Surface details on Ganymede.
Photojournal: PIA02573
Source: NASA/JPL-Caltech/Brown University/Doug Ellison
Published: November 15, 2017

Updated view of a Galileo spacecraft image of the Nicholson Regio/Arbela Sulcus region on Jupiter's moon Ganymede.

Original Image and Caption

This view of the Nicholson Regio/Arbela Sulcus region on Jupiter's moon Ganymede, taken by NASA's Galileo spacecraft, shows the stark contrast between the smooth bright terrain and the surrounding highly fractured dark terrain.

This observation was designed in part to distinguish between different models for how Arbela Sulcus and other groove lanes on Ganymede were formed. The volcanic model suggests that a relatively clean, water-rich lava filled a tectonic depression, then cooled to create a smooth surface. Tectonic models suggest that focused faulting and deformation of older dark terrain destroyed the pre-existing texture, which was brightened by exposure of underlying, clean ice. Analysis of these photos suggests a third and unexpected possibility: Arbela Sulcus may be similar to some bands on another of Jupiter's moons, Europa, formed by tectonic crustal spreading and renewal.
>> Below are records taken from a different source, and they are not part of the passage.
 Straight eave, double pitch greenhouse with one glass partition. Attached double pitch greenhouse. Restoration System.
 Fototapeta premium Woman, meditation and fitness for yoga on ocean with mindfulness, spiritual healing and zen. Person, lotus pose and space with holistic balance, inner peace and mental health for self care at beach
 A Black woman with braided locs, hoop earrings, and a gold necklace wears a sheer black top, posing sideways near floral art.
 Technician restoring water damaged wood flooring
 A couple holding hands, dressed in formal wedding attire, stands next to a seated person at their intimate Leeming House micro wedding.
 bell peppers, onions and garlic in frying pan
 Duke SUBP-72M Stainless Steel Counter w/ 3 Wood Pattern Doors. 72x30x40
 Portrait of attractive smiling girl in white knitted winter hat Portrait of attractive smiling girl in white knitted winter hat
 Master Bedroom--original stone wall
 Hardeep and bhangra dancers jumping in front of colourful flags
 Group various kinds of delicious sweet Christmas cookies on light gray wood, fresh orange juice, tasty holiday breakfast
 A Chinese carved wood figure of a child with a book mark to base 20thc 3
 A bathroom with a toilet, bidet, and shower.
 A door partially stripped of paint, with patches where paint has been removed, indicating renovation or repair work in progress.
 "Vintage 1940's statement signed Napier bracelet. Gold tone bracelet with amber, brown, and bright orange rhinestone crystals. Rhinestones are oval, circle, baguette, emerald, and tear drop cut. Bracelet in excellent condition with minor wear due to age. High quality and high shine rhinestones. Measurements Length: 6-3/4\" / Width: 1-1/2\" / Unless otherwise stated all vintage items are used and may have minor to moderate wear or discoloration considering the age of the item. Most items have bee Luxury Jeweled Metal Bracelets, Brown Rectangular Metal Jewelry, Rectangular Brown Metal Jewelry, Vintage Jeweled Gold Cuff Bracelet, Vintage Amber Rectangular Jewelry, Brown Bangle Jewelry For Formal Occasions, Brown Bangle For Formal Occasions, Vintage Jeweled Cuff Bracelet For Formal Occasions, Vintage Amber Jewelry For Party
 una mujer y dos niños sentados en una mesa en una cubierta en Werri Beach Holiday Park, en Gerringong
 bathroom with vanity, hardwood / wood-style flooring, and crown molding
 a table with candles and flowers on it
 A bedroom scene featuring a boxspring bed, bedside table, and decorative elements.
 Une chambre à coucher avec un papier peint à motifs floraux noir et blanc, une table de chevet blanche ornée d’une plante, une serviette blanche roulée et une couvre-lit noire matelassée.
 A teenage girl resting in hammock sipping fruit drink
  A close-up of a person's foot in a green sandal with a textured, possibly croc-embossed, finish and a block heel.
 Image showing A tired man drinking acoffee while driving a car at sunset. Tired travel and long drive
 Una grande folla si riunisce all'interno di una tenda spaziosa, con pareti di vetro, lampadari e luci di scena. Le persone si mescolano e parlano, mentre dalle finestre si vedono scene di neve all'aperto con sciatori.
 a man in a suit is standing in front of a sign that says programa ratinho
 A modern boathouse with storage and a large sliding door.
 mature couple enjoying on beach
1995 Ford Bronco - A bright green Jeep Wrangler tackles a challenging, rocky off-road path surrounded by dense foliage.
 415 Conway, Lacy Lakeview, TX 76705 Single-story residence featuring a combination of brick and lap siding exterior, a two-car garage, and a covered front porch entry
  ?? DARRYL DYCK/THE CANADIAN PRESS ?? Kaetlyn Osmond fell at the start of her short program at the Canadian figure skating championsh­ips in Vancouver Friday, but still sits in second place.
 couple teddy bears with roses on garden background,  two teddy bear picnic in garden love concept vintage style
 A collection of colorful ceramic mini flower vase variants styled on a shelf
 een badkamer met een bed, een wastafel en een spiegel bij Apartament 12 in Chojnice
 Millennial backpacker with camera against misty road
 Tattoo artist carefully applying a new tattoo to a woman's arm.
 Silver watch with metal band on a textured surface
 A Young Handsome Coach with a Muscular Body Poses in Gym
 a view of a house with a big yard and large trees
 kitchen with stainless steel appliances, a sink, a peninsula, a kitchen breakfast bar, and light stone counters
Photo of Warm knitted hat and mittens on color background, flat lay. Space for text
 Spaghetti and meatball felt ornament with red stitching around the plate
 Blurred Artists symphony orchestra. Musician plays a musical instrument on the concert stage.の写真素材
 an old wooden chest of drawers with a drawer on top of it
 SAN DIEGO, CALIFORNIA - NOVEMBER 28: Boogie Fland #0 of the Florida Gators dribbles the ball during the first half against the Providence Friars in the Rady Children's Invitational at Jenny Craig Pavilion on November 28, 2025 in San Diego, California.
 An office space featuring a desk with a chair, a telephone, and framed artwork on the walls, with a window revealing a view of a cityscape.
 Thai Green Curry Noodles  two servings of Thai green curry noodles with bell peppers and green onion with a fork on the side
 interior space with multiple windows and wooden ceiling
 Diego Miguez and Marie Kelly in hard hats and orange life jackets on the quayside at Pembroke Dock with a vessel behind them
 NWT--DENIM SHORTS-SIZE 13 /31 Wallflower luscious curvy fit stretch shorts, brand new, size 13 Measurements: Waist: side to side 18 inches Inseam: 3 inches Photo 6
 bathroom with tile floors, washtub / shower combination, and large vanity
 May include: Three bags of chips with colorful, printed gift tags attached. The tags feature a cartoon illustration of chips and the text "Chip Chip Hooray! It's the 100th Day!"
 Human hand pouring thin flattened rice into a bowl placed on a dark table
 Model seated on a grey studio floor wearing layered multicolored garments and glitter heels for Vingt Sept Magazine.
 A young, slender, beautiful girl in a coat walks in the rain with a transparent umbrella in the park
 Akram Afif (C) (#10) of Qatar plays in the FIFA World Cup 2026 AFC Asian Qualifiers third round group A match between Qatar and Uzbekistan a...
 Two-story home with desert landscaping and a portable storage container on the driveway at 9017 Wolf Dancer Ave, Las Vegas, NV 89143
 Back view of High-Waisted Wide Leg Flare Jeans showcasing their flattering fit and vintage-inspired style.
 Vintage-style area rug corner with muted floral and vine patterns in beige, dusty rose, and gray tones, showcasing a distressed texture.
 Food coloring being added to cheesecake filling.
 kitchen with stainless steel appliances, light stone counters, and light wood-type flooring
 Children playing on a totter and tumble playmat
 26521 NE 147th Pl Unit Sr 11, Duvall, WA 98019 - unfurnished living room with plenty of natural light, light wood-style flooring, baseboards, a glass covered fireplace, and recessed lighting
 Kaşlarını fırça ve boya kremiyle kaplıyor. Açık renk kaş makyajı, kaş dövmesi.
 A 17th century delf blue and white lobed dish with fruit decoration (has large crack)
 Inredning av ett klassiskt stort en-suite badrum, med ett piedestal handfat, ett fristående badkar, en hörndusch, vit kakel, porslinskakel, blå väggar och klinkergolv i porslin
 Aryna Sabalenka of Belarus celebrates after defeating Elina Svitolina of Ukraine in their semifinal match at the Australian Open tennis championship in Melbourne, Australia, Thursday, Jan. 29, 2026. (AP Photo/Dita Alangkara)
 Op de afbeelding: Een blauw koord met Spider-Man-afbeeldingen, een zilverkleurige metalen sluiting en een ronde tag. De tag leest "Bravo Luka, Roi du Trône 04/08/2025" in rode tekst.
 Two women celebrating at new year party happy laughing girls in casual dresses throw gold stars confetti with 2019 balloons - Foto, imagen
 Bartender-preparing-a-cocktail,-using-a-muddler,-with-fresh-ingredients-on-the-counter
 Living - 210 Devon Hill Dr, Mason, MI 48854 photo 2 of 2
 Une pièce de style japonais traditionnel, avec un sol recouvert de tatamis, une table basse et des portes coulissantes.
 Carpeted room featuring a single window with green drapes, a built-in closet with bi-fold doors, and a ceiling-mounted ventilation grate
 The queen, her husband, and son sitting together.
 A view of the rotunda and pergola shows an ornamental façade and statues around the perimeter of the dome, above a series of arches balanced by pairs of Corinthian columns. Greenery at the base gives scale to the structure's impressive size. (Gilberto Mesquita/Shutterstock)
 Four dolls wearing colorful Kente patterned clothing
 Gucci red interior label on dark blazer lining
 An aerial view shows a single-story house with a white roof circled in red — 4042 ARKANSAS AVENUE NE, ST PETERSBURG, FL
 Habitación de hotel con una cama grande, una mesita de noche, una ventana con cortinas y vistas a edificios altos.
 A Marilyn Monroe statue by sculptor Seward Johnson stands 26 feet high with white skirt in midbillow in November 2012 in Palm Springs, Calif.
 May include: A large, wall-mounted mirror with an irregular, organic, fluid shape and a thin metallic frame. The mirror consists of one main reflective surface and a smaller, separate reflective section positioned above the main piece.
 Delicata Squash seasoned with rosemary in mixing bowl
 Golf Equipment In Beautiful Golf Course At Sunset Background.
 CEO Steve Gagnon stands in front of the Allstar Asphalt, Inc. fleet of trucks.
North is to the upper left of the picture and the Sun illuminates the surface from the west. The image, centered at 14 degrees latitude and 347 degrees longitude, covers an area approximately 160 by 72 miles (258 by 116 kilometers). The resolution is 436 feet (133 meters per picture element. The images were taken on May 20, 2000, at a range of 8,140 miles (13,100 kilometers).